Third Designate to the Presidency
- In office 8 May 1928 – 8 May 1932
- President: Cleto González Víquez
- Preceded by: Felipe José Alvarado Echandi
- Succeeded by: León Cortés Castro

First Designate to the Presidency
- In office 2 September 1919 – 8 May 1920
- President: Francisco Aguilar Barquero
- Preceded by: Juan Bautista Quirós Segura
- Succeeded by: Aquiles Acosta García

Personal details
- Born: Andrés Venegas García 30 November 1848 Puntarenas, Costa Rica
- Died: 9 November 1939 (aged 90) San José, Costa Rica
- Education: Universidad de San Carlos de Guatemala (LLB)

= Andrés Venegas García =

Costa Rican lawyer and politician (1848–1939)

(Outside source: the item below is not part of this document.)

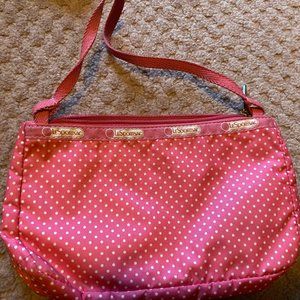 Lesportsac Pink Polka Dot Purse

Andrés Venegas García (30 November 1848 – 9 November 1939) was a Costa Rican lawyer and politician who served as First Designate to the Presidency from 1919 to 1920 and as Third Designate from 1928 to 1932.

He graduated from the Universidad de San Carlos de Guatemala and became a member of the constituent assembly in 1880. Among other positions, he was an associate judge on the Supreme Court. He also served briefly as the foreign affairs minister from November 1919 to May 1920.